Dawoodi Bohras are a sub-sect of Shia Islam, which is one of the two major denominations of Islam. The Dawoodi Bohras follow the Fatimid tradition of Shia Islam, which traces its origins back to the Prophet Muhammad’s cousin and son-in-law, Imam Ali, and his wife Fatima. The Dawoodi Bohras believe that the Prophet Muhammad designated Ali as his successor, and that the spiritual authority of the community rests with the Imam, who is considered infallible and divinely appointed.
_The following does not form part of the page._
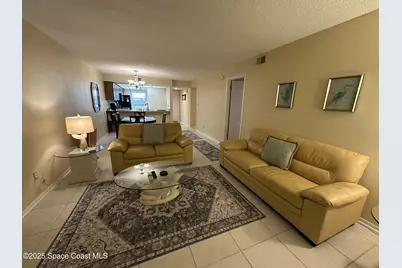 1700 N Atlantic Avenue #155, Cocoa Beach, FL 32931 - Photo 3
The leader of the Dawoodi Bohra community is known as Al-Dai-Al-Mutlaq
The Dawoodi Bohra community is led by a spiritual leader known as Al-Dai-Al-Mutlaq, who is the highest religious authority for the community. The Al-Dai-Al-Mutlaq is responsible for guiding the community in all religious and temporal matters, including interpreting Islamic law and issuing fatwas (religious rulings). The position of Al-Dai-Al-Mutlaq has been passed down through a hereditary line for over four centuries, with the current and 53rd leader being Dr Syedna Mufaddal Saifuddin.
Over 1 million Dawoodi Bohras across the world
Dawoodi Bohras are a global community, with members residing in countries around the world, including India, Pakistan, Yemen, East Africa, the United States, and the United Kingdom. The community is estimated to have over 1 million members worldwide, with the majority living in India. Despite being a minority within the larger Muslim community, the Dawoodi Bohras have a distinctive cultural and religious identity that sets them apart from other Shia and Sunni Muslims.
The challenge to the constitutional validity of the practice of excommunication in the Dawoodi Bohra community
Excommunication is the practice of excluding certain members from the community, typically by not allowing them access to a mosque or a burial ground. The Dawoodi Bohra community has been criticized for its practice of excommunication, which is seen as a violation of individual rights and religious freedom. The challenge to the constitutional validity of the practice of excommunication in the Dawoodi Bohra community was recently referred to a 9-judge bench by a 5-judge Constitution Bench of the Supreme Court of India.
The 9-judge bench was set up to review the 2018 Sabarimala judgment, which dealt with the issue of gender discrimination in the entry of women into the Sabarimala temple in Kerala. The reference to the 9-judge bench in the Dawoodi Bohra case is significant because it will allow the court to review the constitutional validity of the practice of excommunication in the context of the larger issue of religious freedom and individual rights.